### Recorded data
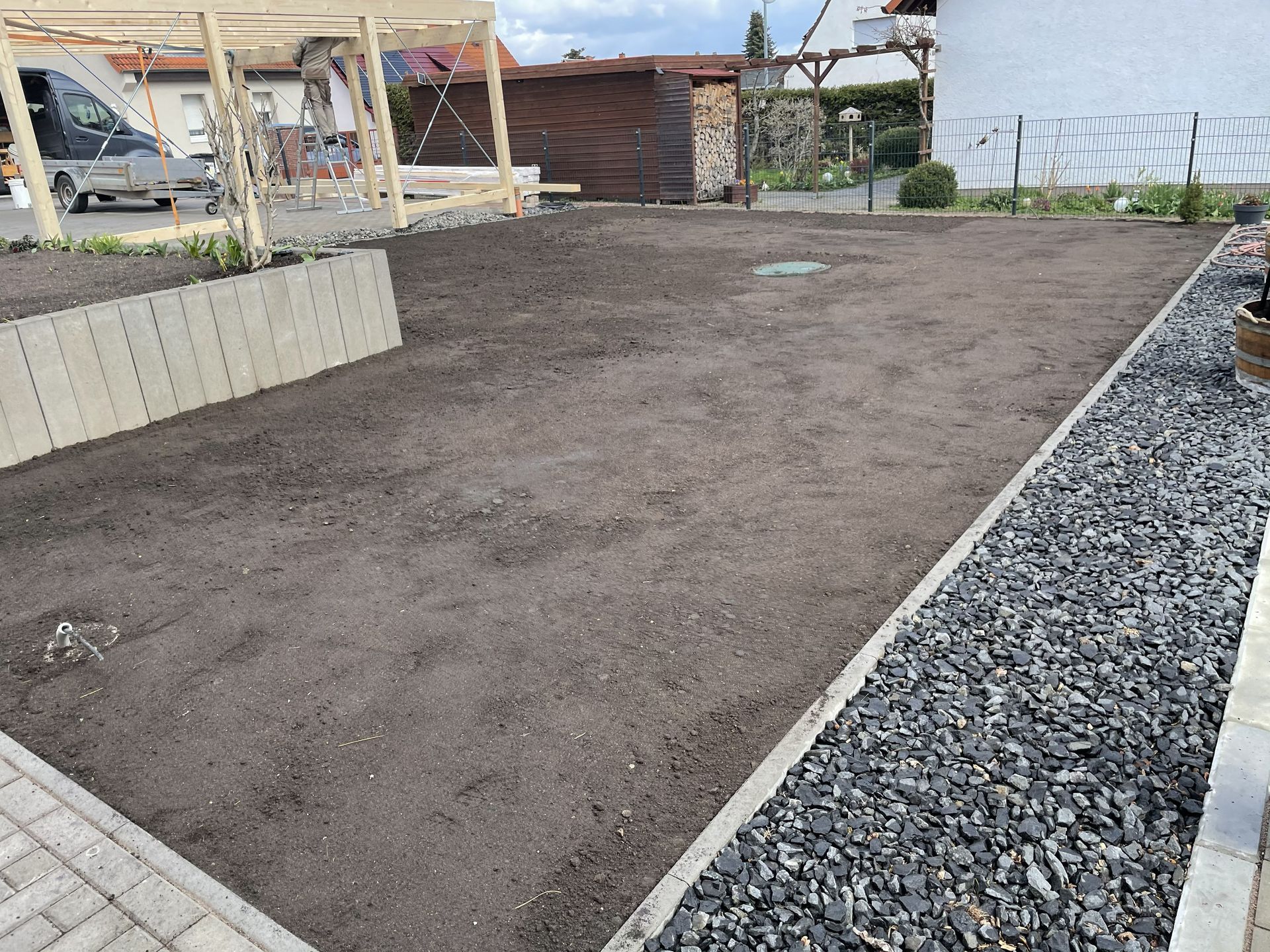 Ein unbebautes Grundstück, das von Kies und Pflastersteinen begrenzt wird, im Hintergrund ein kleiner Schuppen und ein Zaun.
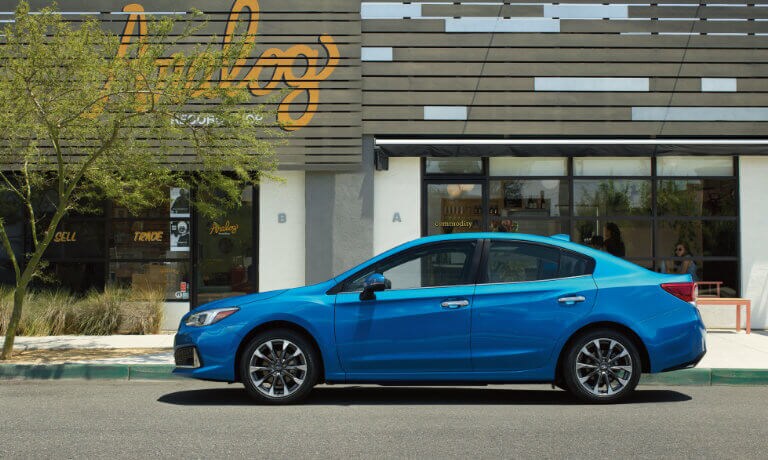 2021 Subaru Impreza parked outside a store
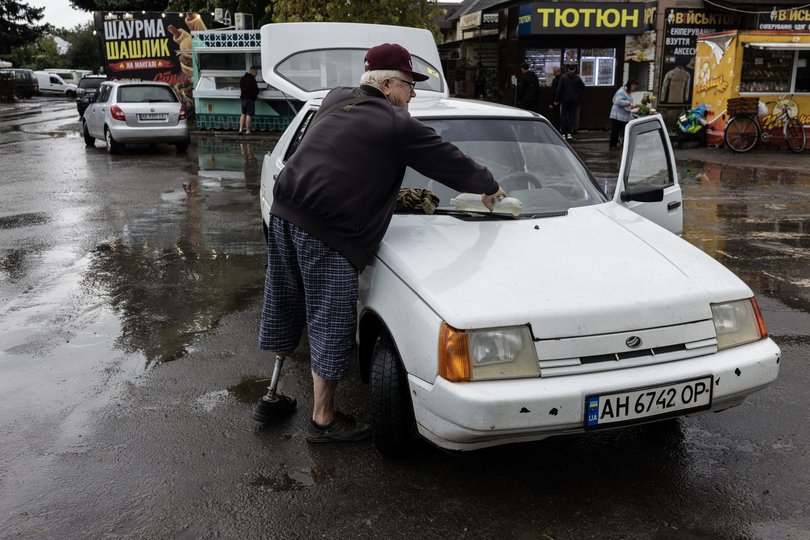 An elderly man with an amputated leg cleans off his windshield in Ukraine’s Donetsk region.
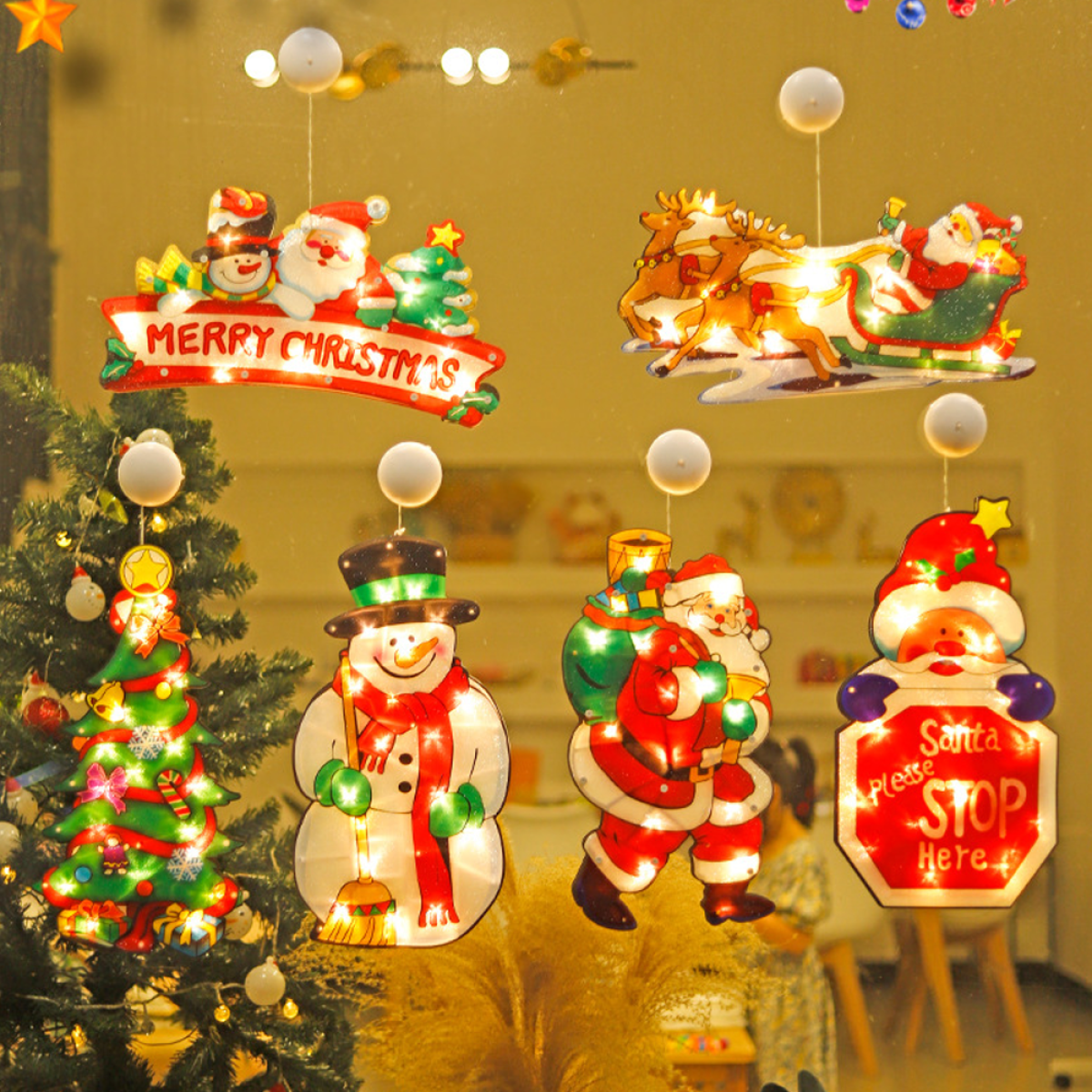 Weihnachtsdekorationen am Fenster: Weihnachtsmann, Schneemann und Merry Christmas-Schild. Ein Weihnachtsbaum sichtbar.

### Instructions to follow
Please give all of the data again, exact and free of pictures.

### Task answer
 Ein unbebautes Grundstück, das von Kies und Pflastersteinen begrenzt wird, im Hintergrund ein kleiner Schuppen und ein Zaun.
 2021 Subaru Impreza parked outside a store
 An elderly man with an amputated leg cleans off his windshield in Ukraine’s Donetsk region.
 Weihnachtsdekorationen am Fenster: Weihnachtsmann, Schneemann und Merry Christmas-Schild. Ein Weihnachtsbaum sichtbar.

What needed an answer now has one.